Can Google Analytics aid your practice’s success? Chris Baker follows up from part one to reveal all.
‘What gets measured, gets managed,’ said Peter Drucker.
Google Analytics is a detailed website analytical package that Google provides free of charge (there is a premium version for a fee) that enables businesses to track web traffic and gain insightful information into what visitors are viewing and for how long.
Google Analytics can tell you which site referred the traffic so you know what online and social activity is delivering. It will tell you which are the popular pages of your site and which could do with a little work. It tells you where people leave your site. Through the use of landing pages it can even make your offline advertising more effective.
How do I get Google Analytics?
To get Google Analytics, you gain a small piece of code that your web developer can add to your website. The homepage will give you headline data such as total number of visitors and average time on the site, and this is really useful.
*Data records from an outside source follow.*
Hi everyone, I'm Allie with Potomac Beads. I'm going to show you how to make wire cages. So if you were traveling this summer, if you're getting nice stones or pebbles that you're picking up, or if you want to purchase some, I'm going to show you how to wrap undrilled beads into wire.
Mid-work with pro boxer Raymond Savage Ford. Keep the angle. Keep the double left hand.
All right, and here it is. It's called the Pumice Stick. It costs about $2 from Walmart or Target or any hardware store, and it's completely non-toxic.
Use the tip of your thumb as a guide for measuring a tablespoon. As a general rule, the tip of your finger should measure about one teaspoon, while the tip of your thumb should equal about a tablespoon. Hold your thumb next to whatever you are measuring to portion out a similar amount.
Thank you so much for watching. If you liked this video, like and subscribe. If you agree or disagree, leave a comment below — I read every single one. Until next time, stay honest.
Other key parts of this section include: new versus returning – who is coming to the site for the first time and who is coming back? Engagement – splits the visitors into the time that they spent on the site. Are they viewing your site on a mobile device? I would expect that your website is optimised for both tablet and smartphone. However, when viewing a site on a mobile device, many visitors want a different experience – they are just looking for contact details, maps – short
Where is the traffic coming from?
This is vital to know so that you can plan any future marketing more effectively.
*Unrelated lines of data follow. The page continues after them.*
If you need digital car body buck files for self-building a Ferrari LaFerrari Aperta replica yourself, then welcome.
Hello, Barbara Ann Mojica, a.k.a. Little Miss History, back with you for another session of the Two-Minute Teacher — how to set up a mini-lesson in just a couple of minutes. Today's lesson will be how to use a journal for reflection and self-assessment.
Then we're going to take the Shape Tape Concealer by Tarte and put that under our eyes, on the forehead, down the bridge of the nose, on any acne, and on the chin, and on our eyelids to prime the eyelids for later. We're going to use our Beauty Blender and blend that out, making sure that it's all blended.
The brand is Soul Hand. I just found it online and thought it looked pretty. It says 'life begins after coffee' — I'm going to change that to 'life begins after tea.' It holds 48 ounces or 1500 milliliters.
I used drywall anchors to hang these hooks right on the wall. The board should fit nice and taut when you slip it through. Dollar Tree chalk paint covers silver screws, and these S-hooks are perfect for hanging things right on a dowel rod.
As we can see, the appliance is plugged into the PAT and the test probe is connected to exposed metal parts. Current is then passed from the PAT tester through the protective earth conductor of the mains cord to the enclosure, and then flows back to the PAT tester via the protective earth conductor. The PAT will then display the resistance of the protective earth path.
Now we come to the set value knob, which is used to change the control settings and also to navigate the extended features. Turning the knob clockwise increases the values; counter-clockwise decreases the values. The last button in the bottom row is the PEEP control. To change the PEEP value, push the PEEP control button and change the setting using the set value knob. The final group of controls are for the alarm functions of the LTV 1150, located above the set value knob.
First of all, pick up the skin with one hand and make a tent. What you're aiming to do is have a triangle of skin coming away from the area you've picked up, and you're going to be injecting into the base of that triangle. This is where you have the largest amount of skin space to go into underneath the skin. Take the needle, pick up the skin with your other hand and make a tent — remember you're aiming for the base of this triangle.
- Search traffic – who used Google (or another search engine) to find your website?
- Referral traffic – who clicked through to your website via a link elsewhere?
- Direct traffic – who typed in your website address?
- Campaigns – who clicked on one of your Google pay-per-click (PPC) advertisements?
It also displays the top 10 search terms that people used to find you – pay close attention to these as they are not always what you might expect. If you are doing PPC adverts ensure that they reflect these and even if you aren’t, the text on your homepage needs to reflect the most relevant searches.
What are they reading?
The content overview will give you a breakdown of the pages that they are reading on the site. On a typical site, the homepage will be the best read and next is quite often the price list if you feature one. Ideally, you would like to see the contact page near the top along with any thank you page that may be featured after people email you. This illustrates that people are viewing information and then getting in touch. If the contact page is not in the top five pages visited, I would be concerned that the website is not performing as it should be.
Use analytics often and you can make small and subtle changes to your website that will make a big difference to your bottom line.